**Goal of the exercise**
Leaving out the pictures, write the following records exactly as they read.

Collected data entries:
╔══

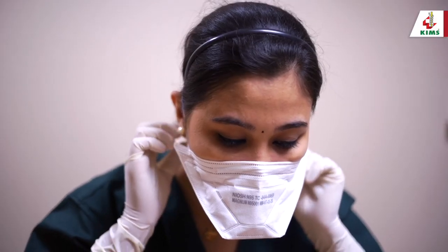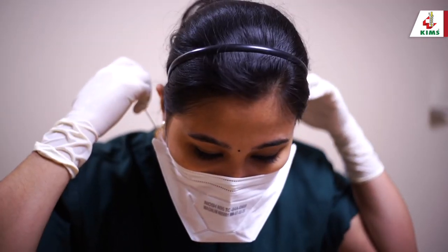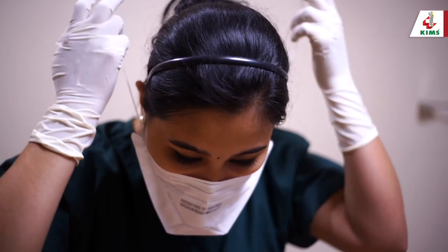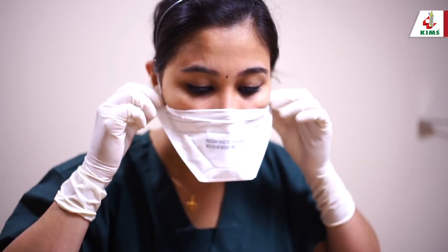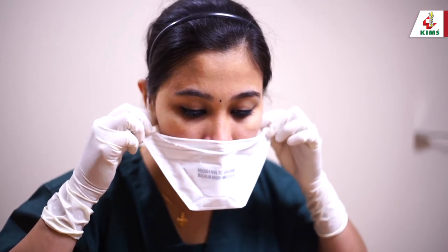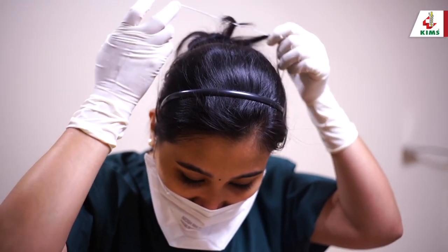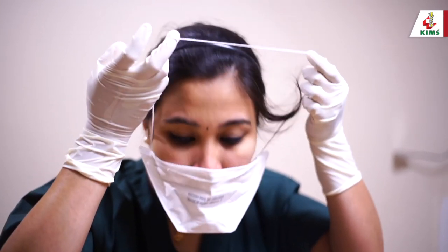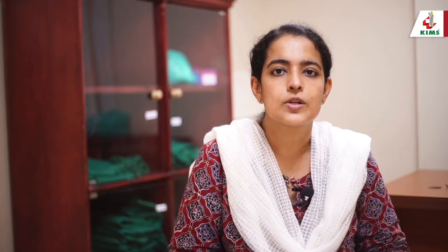Now remove the N95 mask by stooping forward and pulling the lower strap first, bringing it forward, then loosening the upper strap and bringing it forward. Discard the mask holding the straps alone — do not touch the front of the mask. Perform hand hygiene again.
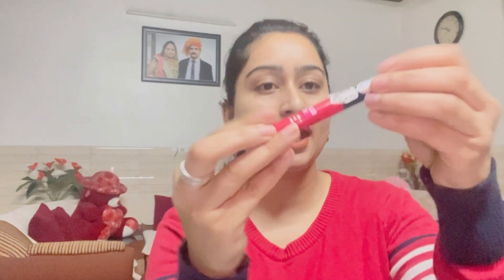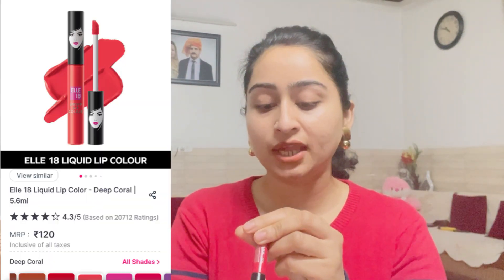The second shade is this — it is a pinkish-reddish color, a very pretty color. The shade is Deep Coral C60, and it will all be in the description box. It is a very good color. After applying it, it is so bright and glowing. The fragrance is very soft — toffee flavor. It is very good.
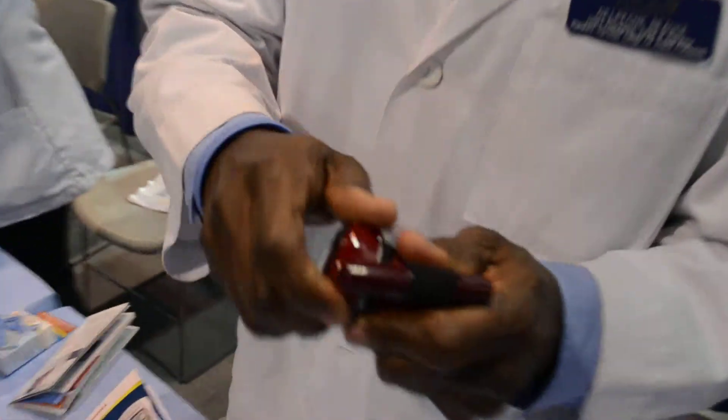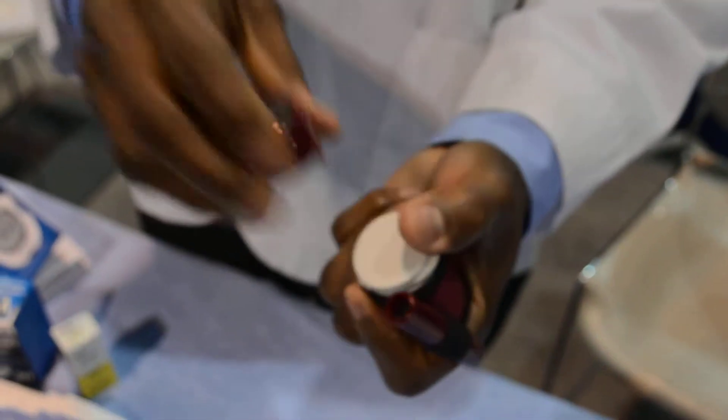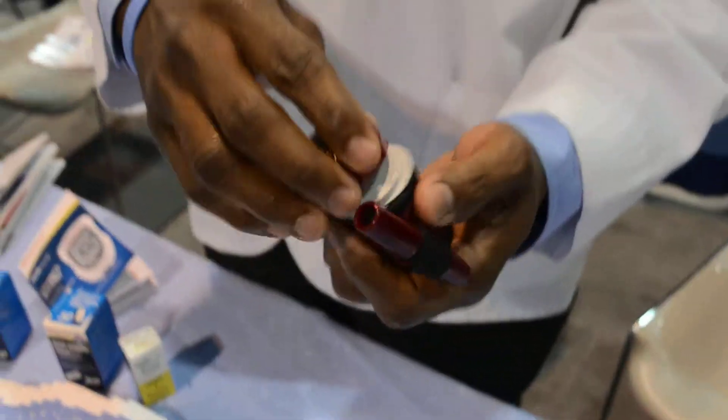It comes with the lancets right here and then the test strips inside. And you have your measuring machine on top, which is pretty cool. It comes in three different colors: purple, red, and blue.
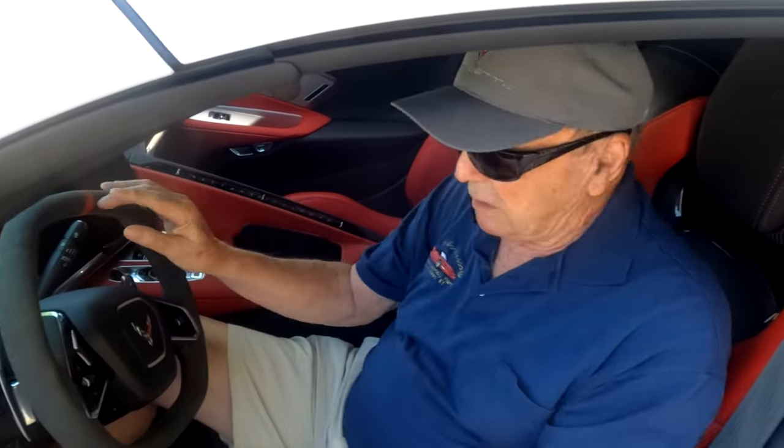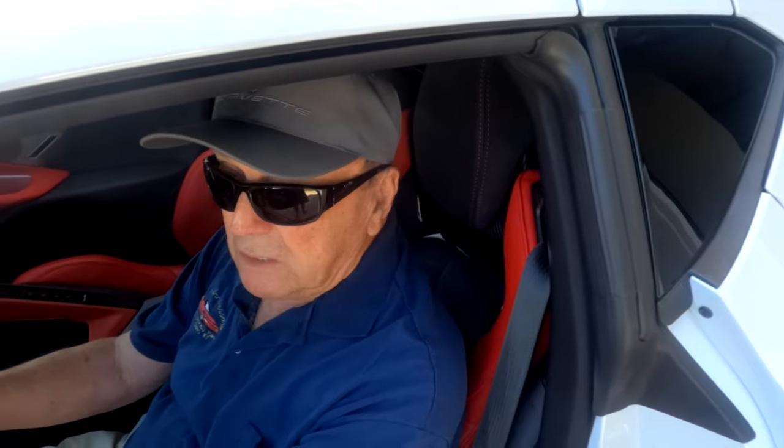Here's the one thing I want you to be careful of, because it happened to me. Whether you are driving the car or you are a passenger, one thing you have to be careful about when you use launch control is this: this car launches so hard that if you have your head not pushed against the headrest, you are going to get whacked on the back of the head. Make sure your head is against the headrest. This thing launches so hard it makes my 2017 Z06 look like a puppy dog.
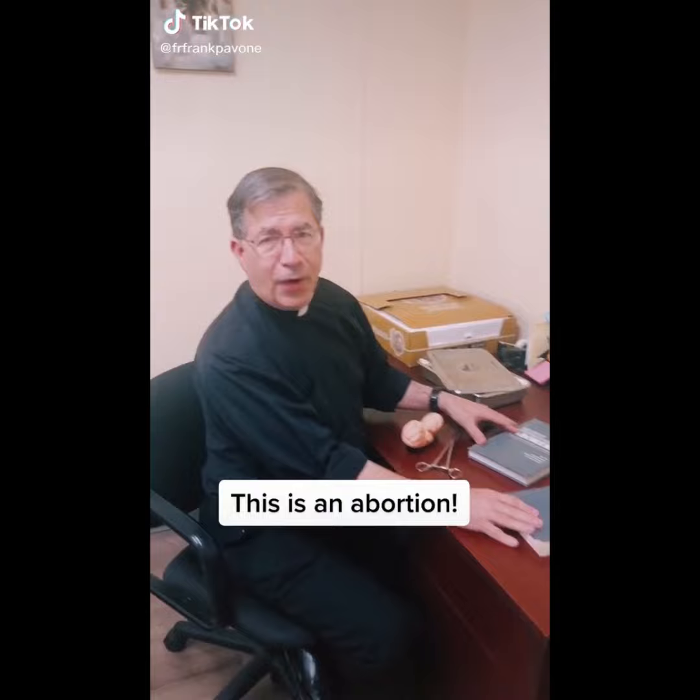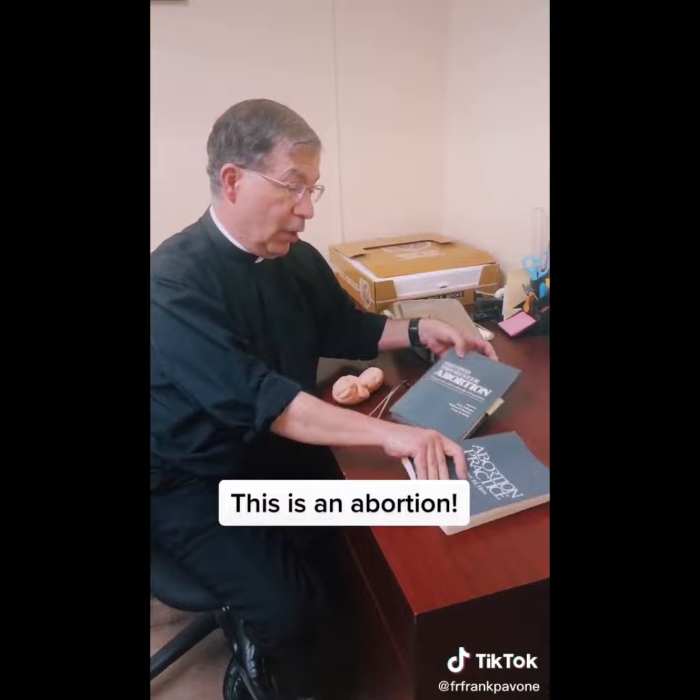This is an abortion. Father Frank Pavone here — my whole life is dedicated to ending abortion, so you can be sure I study the procedure. These are two of the medical textbooks on how abortions are done.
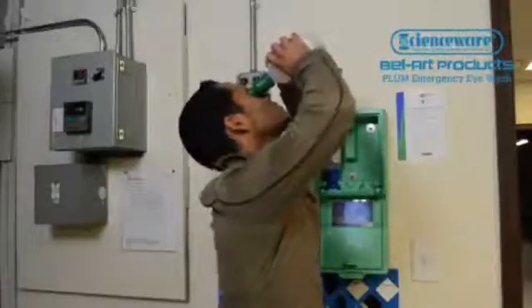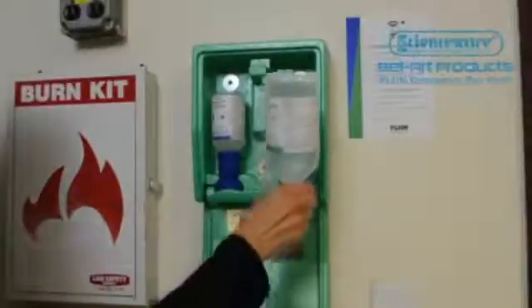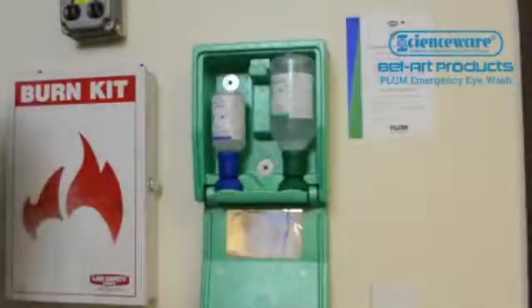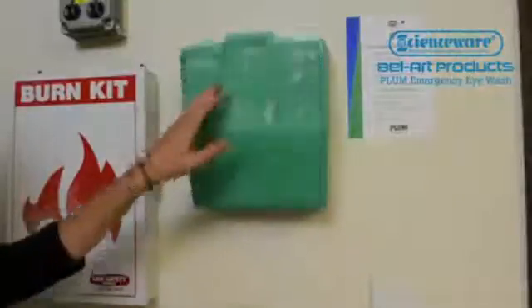Plum Eyewash can be dispensed when upright or inverted, allowing use while standing or lying down. Replacing the used eyewash bottle with a new one is quick and easy.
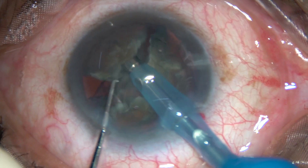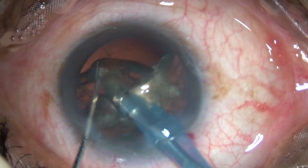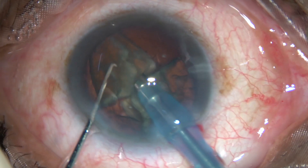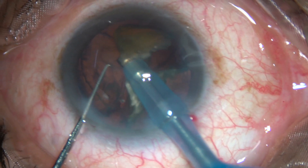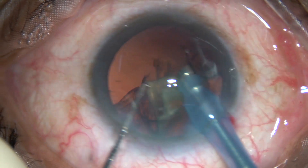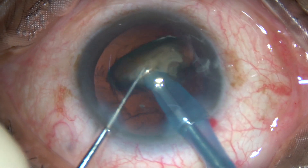Ultrasonic energy is employed to emulsify these nuclear fragments and they are removed from the eye. Ultrasonic energy used in this case is 75%, flow rate is 45 ml per minute, vacuum is 450 mmHg. This is the last piece, the last portion of the nucleus.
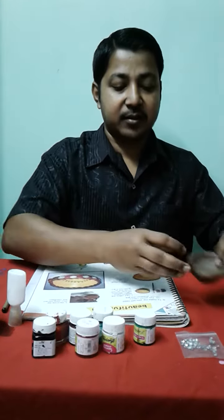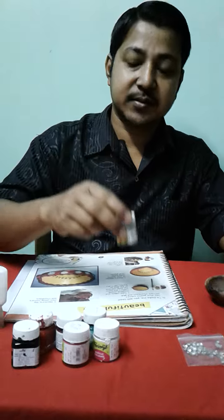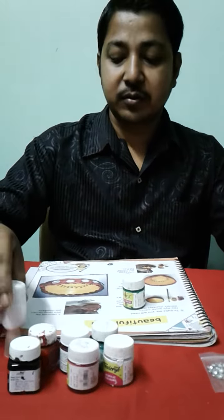Diya. You will need: color, glue, paintbrush, and water.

╚══

**Result**
Now remove the N95 mask by stooping forward and pulling the lower strap first, bringing it forward, then loosening the upper strap and bringing it forward. Discard the mask holding the straps alone — do not touch the front of the mask. Perform hand hygiene again.
The second shade is this — it is a pinkish-reddish color, a very pretty color. The shade is Deep Coral C60, and it will all be in the description box. It is a very good color. After applying it, it is so bright and glowing. The fragrance is very soft — toffee flavor. It is very good.
It comes with the lancets right here and then the test strips inside. And you have your measuring machine on top, which is pretty cool. It comes in three different colors: purple, red, and blue.
Here's the one thing I want you to be careful of, because it happened to me. Whether you are driving the car or you are a passenger, one thing you have to be careful about when you use launch control is this: this car launches so hard that if you have your head not pushed against the headrest, you are going to get whacked on the back of the head. Make sure your head is against the headrest. This thing launches so hard it makes my 2017 Z06 look like a puppy dog.
This is an abortion. Father Frank Pavone here — my whole life is dedicated to ending abortion, so you can be sure I study the procedure. These are two of the medical textbooks on how abortions are done.
Plum Eyewash can be dispensed when upright or inverted, allowing use while standing or lying down. Replacing the used eyewash bottle with a new one is quick and easy.
Ultrasonic energy is employed to emulsify these nuclear fragments and they are removed from the eye. Ultrasonic energy used in this case is 75%, flow rate is 45 ml per minute, vacuum is 450 mmHg. This is the last piece, the last portion of the nucleus.
Diya. You will need: color, glue, paintbrush, and water.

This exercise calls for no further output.